La norma, entonces, constituye el conjunto de tecnologías de diversa índole que se aplica en todos los niveles de la sociedad para dirigirse hacia fenómenos específicos y propios de dicha sociedad que la norma pretende gobernar. Tiene lugar en el cuerpo de los individuos, pero acaece de modo distinto que el signo del poder soberano. Mientras el signo soberano acababa con el cuerpo castigado para significarse absoluto, el signo de la norma se imprime en los individuos, pero no para individualizarlos, sino para masificarlos masificándose en ellos el signo de la masa. Mientras que el procedimiento de la anatomopolítica disciplinaria fue la individuación de los cuerpos —y con ello, la atomización de la vida colectiva— en aras de su ubicación, visibilización, usufructo y control, la biopolítica está destinada a la multiplicidad de los hombres, a la masa global, al gobierno de la población. A finales del siglo XIX emerge una consideración de la vida de los hombres que los objetiva no sólo como cuerpos, sino como especie. Así, fueron las endemias, la natalidad, la mortalidad, la longevidad, las condiciones demográficas y económicas algunos de los primeros objetivos de la biopolítica.

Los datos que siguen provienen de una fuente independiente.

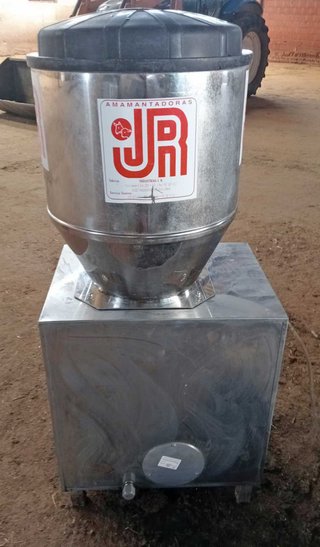 Amamantadora JR para corderos y cabritos.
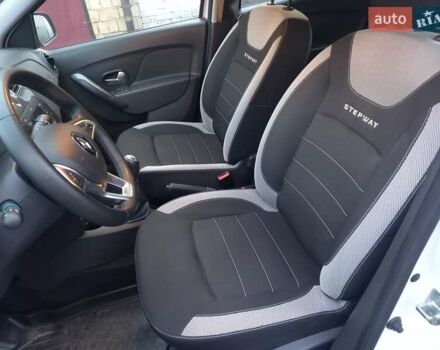 Белый Рено Сандеро, объемом двигателя 0.9 л и пробегом 50 тыс. км за 9999 $, фото 12 на Automoto.ua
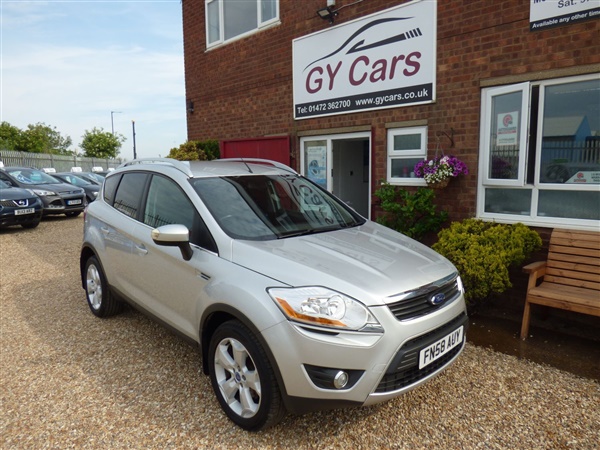 Ford Kuga 2.0 TDCi 136 Zetec 2x4 COMES WITH 15 MONTHS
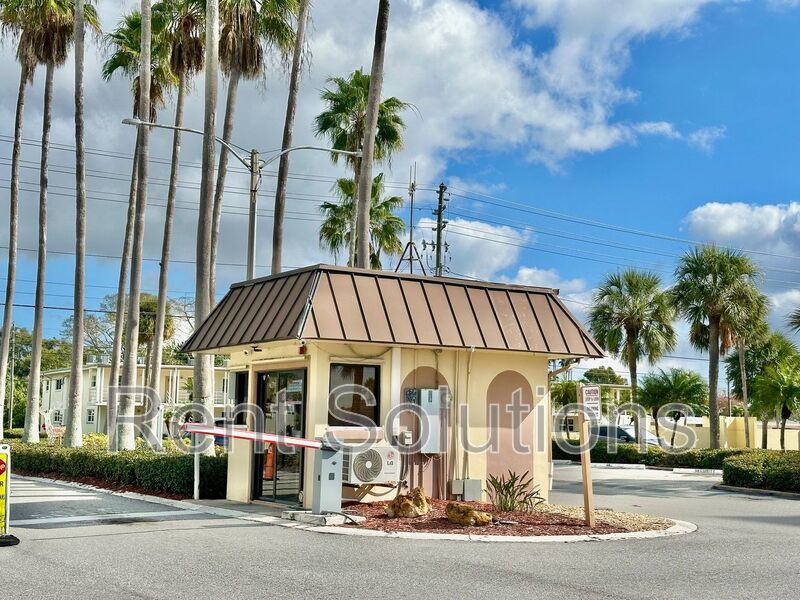 Gorgeous remodeled efficiency in Sea Towers off Duhme Road! Annual/Unfurnished in gated 55+ community property image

Foucault nombra organodisciplina a la masificación que ejerce la biopolítica por medio de instituciones y mecanismos precisos, lo mismo que a la biorregulación que ejerce el Estado.16 Organodisciplina y biorregulación, entonces, anteceden y trascienden la producción histórica de la anatomopolítica. Son normas que se implementan sobre los individuos entendidos como miembros naturales de la especie, por efecto de las cuales se distribuye la regulación de forma global en cuerpos individuales y sociales de la misma manera. Como un ejemplo de ello está la sexualidad, vértice en el que coinciden la disciplina y la regulación,17 la sujeción de los cuerpos y el control de las poblaciones.18 El biopoder, a través del Estado, se inscribe sobre la totalidad de aquella superficie vital, objeto de su consideración, como el ejercicio del principio de hacer vivir y dejar morir. En cuanto biopoder, el Estado no sólo se arroga el derecho de gobernar la vida, sino el derecho de garantizarla, de hacerla proliferar, de multiplicarla por cualquier medio. Y sin embargo, distiende efectos paradójicos.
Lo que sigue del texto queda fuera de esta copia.